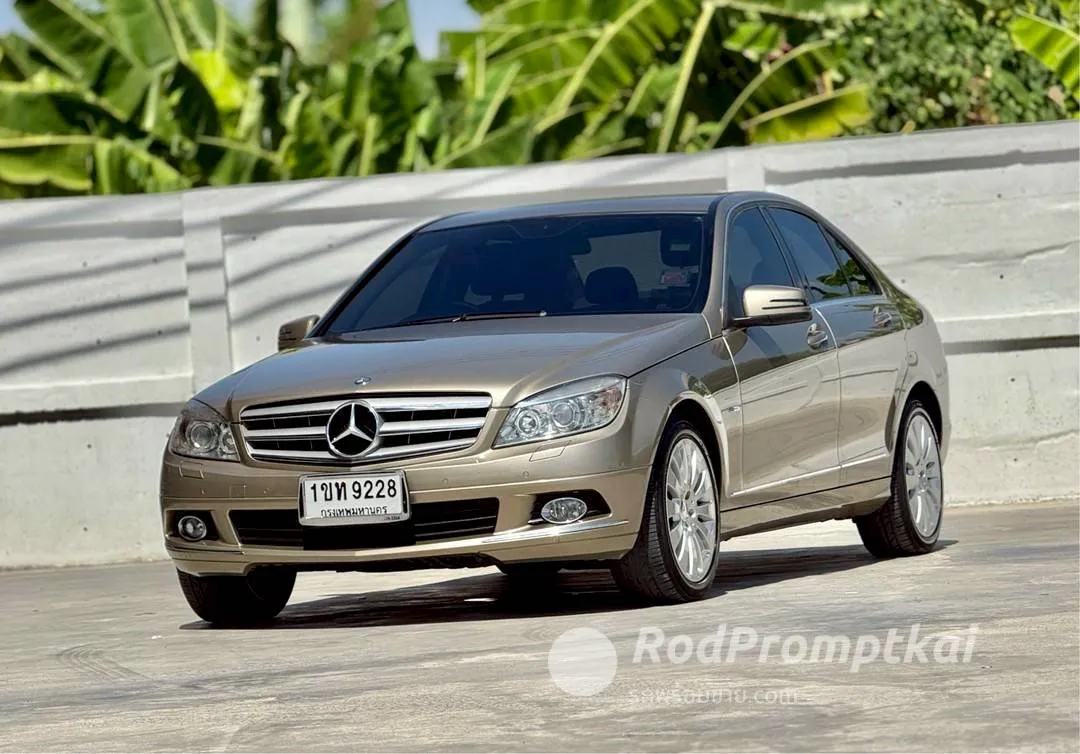2010-mercedez-benz-c-class-c200-cgi-blueefficiency-18-bangkok-16357926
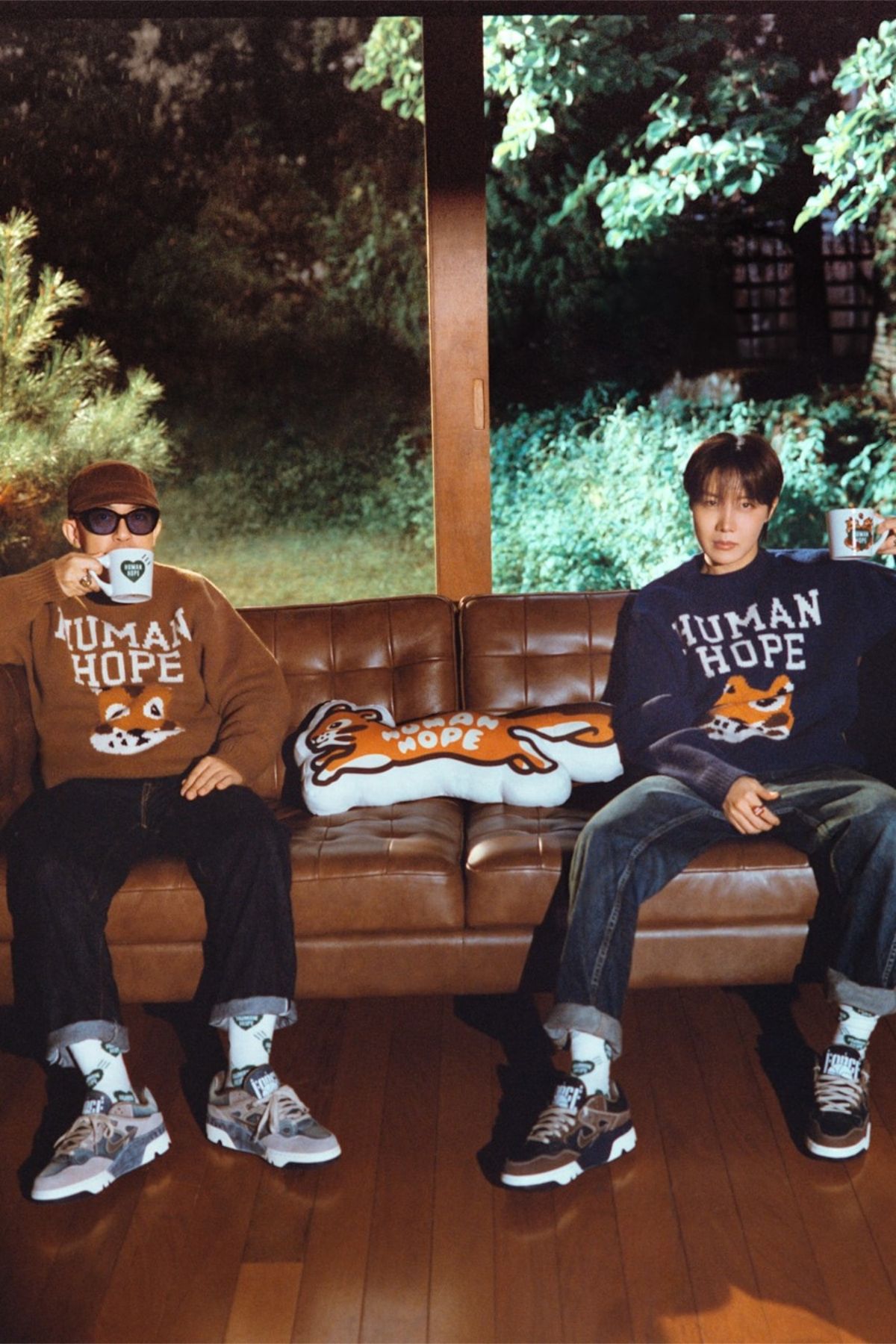 Foto de archivo: NIGO y j-hope en un sillón de cuero con los buzos de la colección HUMAN HOPE de 2025, en la campaña de Human Made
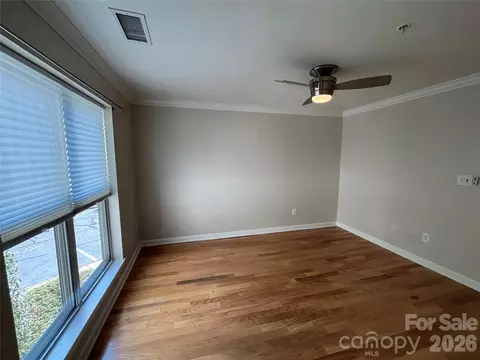 Living - 1332 Torrence Cir, Davidson, NC 28036 photo 10 of 11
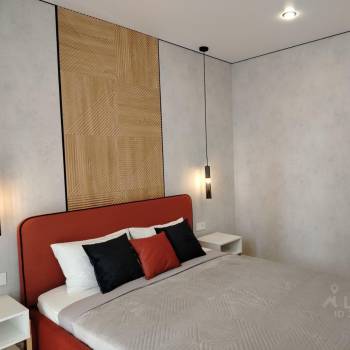 Продается 1-комнатная квартира, 42 м²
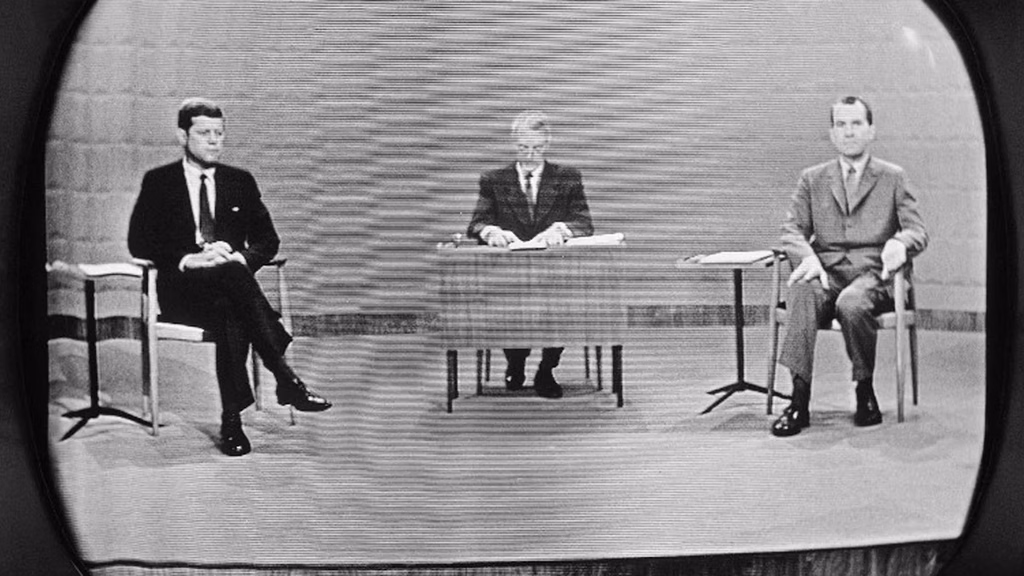 1960, John F. Kennedy y Richard Nixon celebran el primer debate televisivo entre dos candidatos a la Casa Blanca
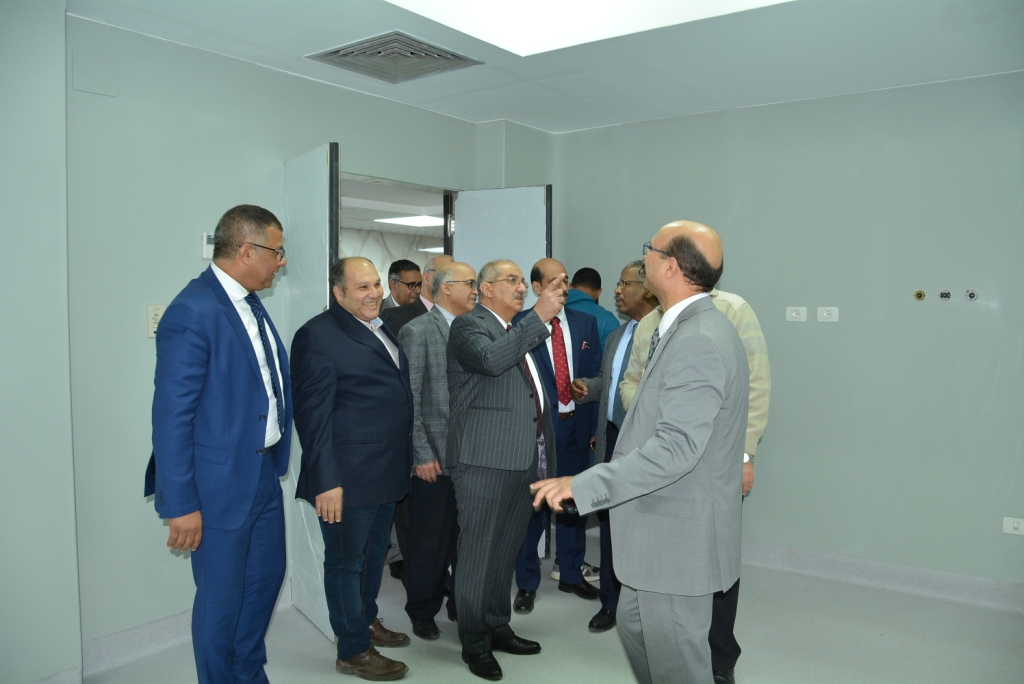 رئيس جامعة أسيوط يشهد افتتاح وحدتي الأشعة المقطعية (2)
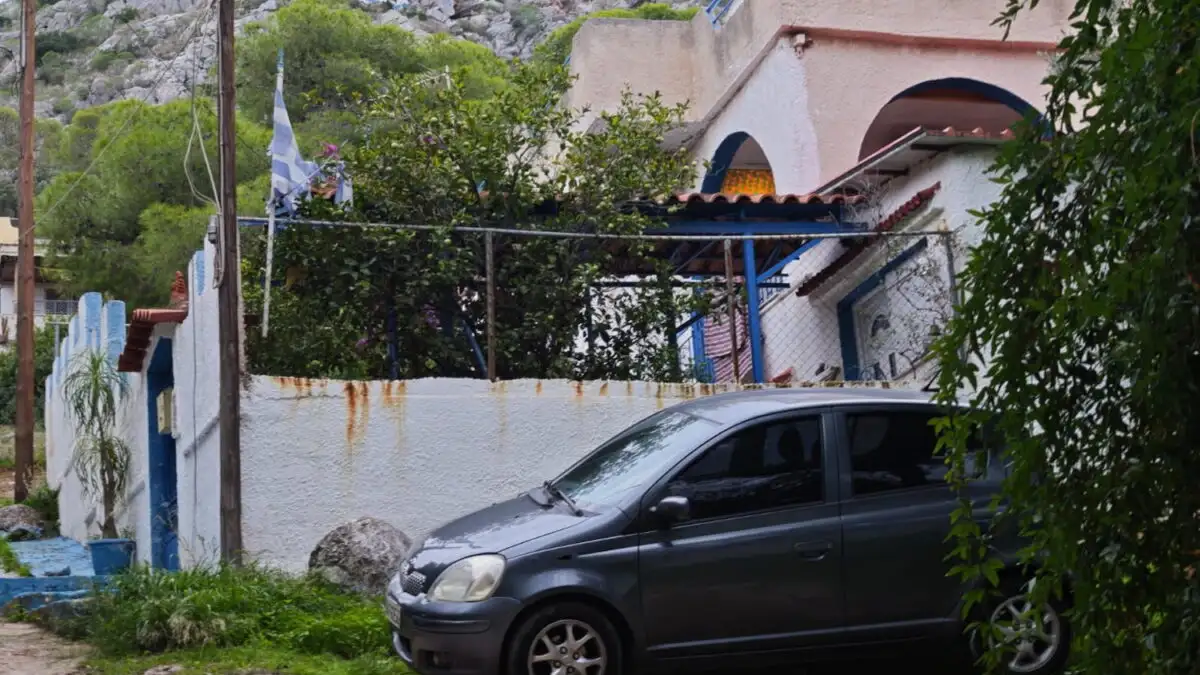 Σαλαμίνα: Από χτύπημα στο κεφάλι έπεσε νεκρή η 75χρονη - Κάμερα κατέγραψε τους ληστές-δολοφόνους να μπαίνουν στο σπίτι της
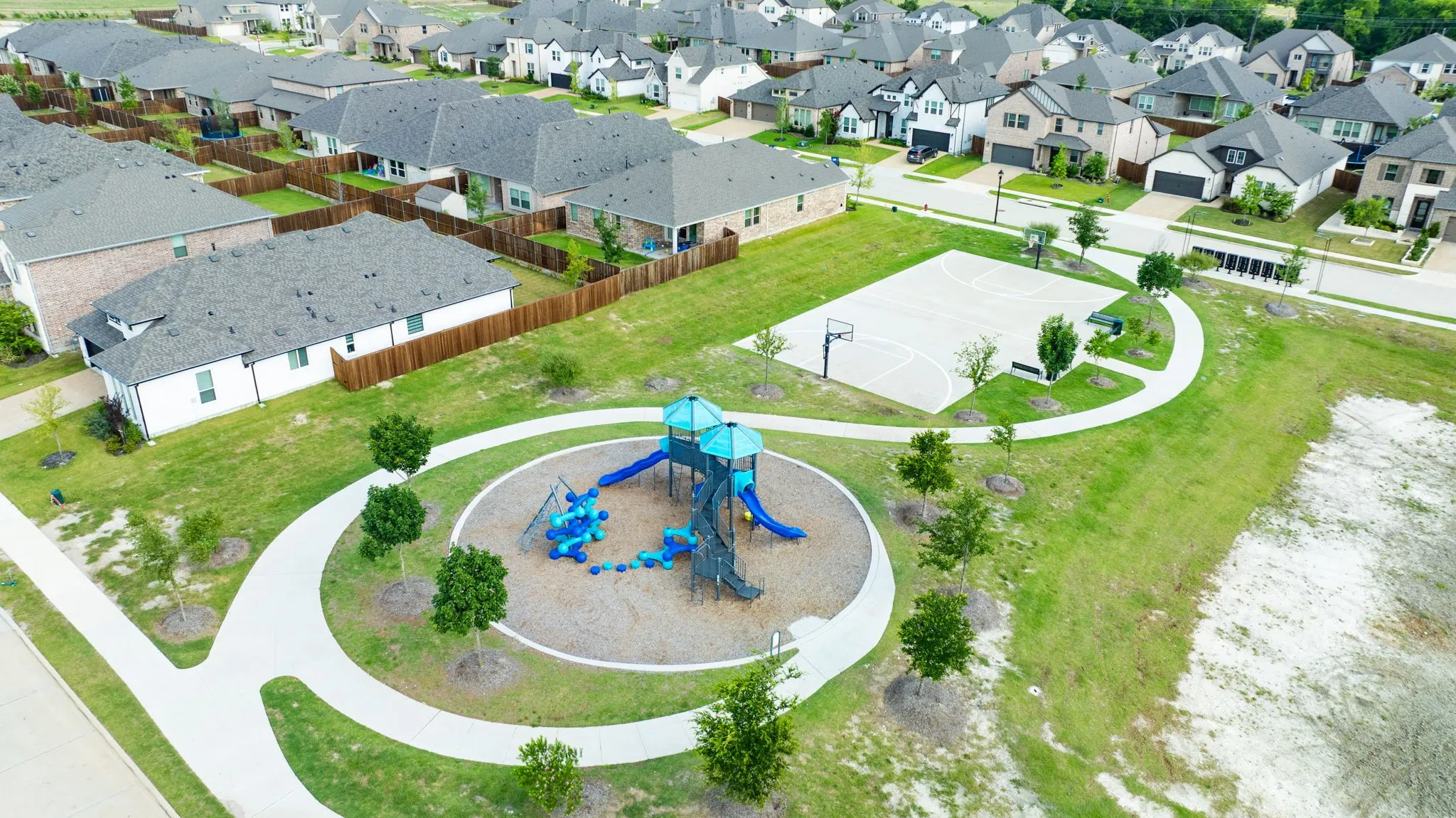 Single Family Residence For Sale in Collin County , 2404 Limestone Lane, Melissa, Texas 75454, 5 Bedroom, 4 Bathroom, 2 Garage spaces, 3,490 Sqft, built in 2023, mls#21312225, Real Estate Agent in Melissa, Homes For Sale in Collin county, Homes For Sale in Melissa, Realtor in Melissa Texas, Real Estate Brokerage Independent Realty Texas, Luminita Cordes Realtor
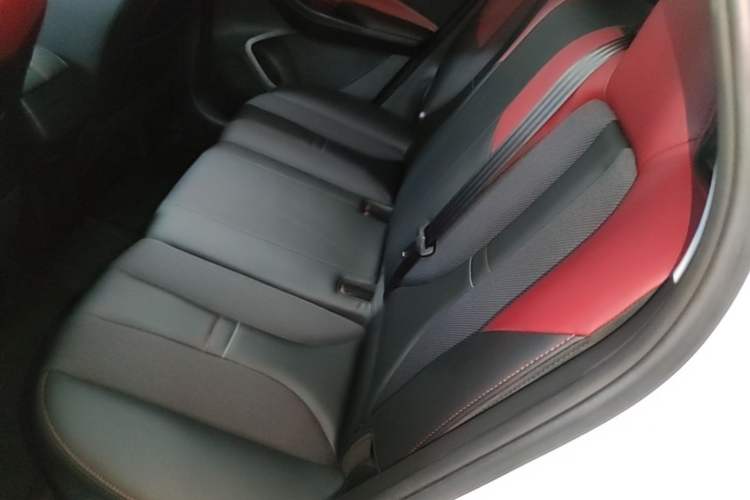 Used CHANGAN OSHAN X5 2021 1.5T DCT Prestige Edition Left Rear Seat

────

§ WHAT THE TASK REQUIRES: Please repeat exactly the data above from its first line to the line that contains "Living - 1332", inclusive, and leave every picture out.

§ SOLUTION FOR THIS EXERCISE:
2010-mercedez-benz-c-class-c200-cgi-blueefficiency-18-bangkok-16357926
 Foto de archivo: NIGO y j-hope en un sillón de cuero con los buzos de la colección HUMAN HOPE de 2025, en la campaña de Human Made
 Living - 1332 Torrence Cir, Davidson, NC 28036 photo 10 of 11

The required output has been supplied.